Easy watching
Osare o non osare? Questo è il dilemma… Parafrasando Shakespeare è possibile evidenziare il limite di Miles Davis: Birth of the Cool, episodio della storica serie American Masters sui grandi nomi dello spettacolo e della cultura statunitense, ultimo lavoro del documentarista afroamericano Stanley Nelson Jr., autore sempre rivolto al glorioso passato nero (Jonestown, Freedom Riders, Black Panthers).
L’eccessiva riverenza, pur doverosa verso una figura quale Miles Davis, emblema del jazz moderno e anticipatore delle sue molteplici evoluzioni, la cui eredità è un bagaglio culturale enorme per tutto il mondo, fa mancare quello slancio, quel rischio in più che deve essere corso in questi casi, pena l’uniformare un lavoro accattivante alla tipologia standard dell’edutainment televisivo.
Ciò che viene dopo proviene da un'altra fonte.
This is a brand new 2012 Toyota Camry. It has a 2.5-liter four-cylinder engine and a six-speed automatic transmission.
Lo aveva ben capito Don Cheadle, che con il suo Miles Ahead aveva tentato – con ottimi risultati – l’intentabile: raccontare il mito “Davis” smitizzandolo, mostrando il suo lato più fragile e oscuro in un processo che ne scongiurasse la deificazione, in favore di un racconto più asciutto e reale dell’uomo e dell’artista.
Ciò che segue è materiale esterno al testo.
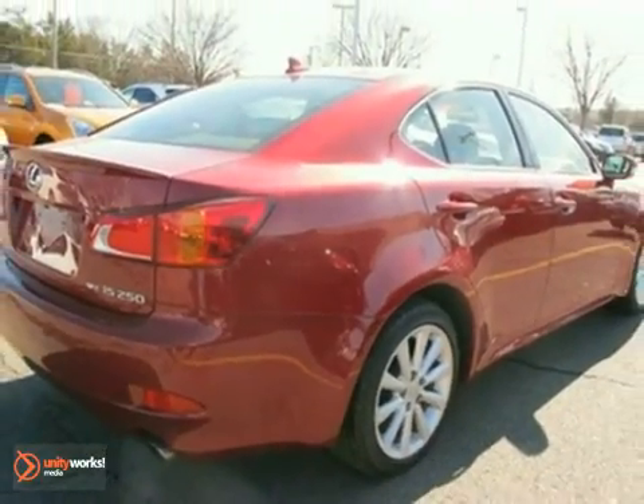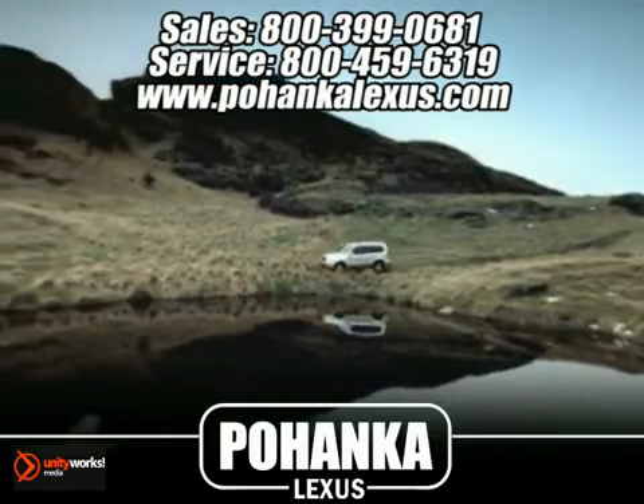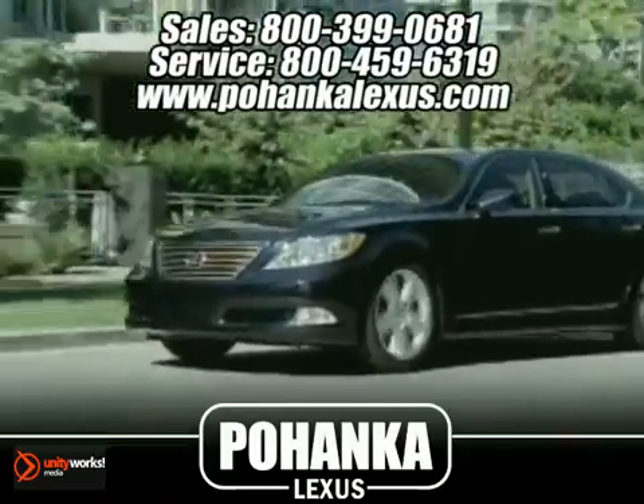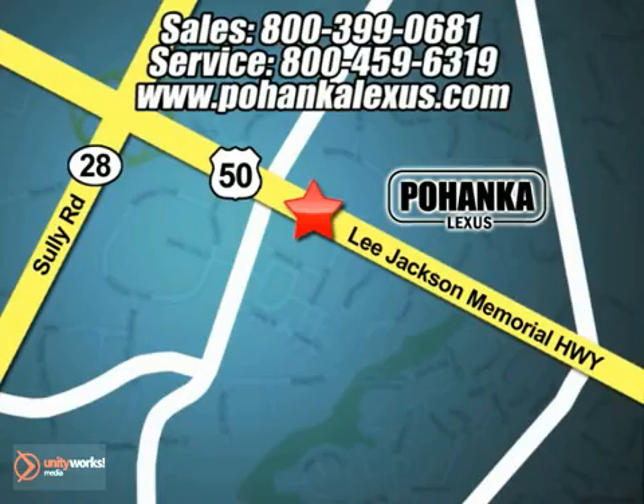Come and take a test drive today. Great service, great selection and low prices. That's why Pohanka Lexus of Chantilly is a great place to buy a car. Conveniently located at 13909 Lee Jackson Memorial Highway in Chantilly.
Nelson preferisce invece imbrigliare il documentario in un percorso lineare, che si limita a elencare e ordinare le tappe esistenziali del jazzista e le numerose fasi della sua musica. Ne esce così un lavoro interessante pur senza particolari stimoli, che rende omaggio ma non merito alla complessa figura del trombettista. Dagli esordi nell’orchestra di Billy Eckstine passando per il cool jazz e il modale, fino a funky e acid, il film ne ricostruisce la vita e la carriera, restando però sempre in superficie, senza indagare mai in profondità i fattori personali, contestuali e creativi.
Come si evince dalle numerose testimonianze raccolte di parenti e collaboratori – tra cui Quincy Jones, Marcus Miller, Carlos Santana, Herbie Hancock, Wayne Shorter e Jimmy Cobb, ultimo membro del leggendario quintetto di Kind of Blue recentemente scomparso – e ancor di più dalla musica, Miles era un vulcano di idee, figura complessa e difficile alla continua ricerca di un’ordine preciso da dare a sé attraverso la propria arte. “La musica è sempre stata una dannazione per me, continuamente mi sono sentito spinto a suonarla”: le parole in apertura nel film sono emblematiche e racchiudono l’essenza stessa di Davis, ma se il suo jazz è fatto per essere esplorato, nota dopo nota come si passa da una stanza all’altra, la sua figura non può essere da meno.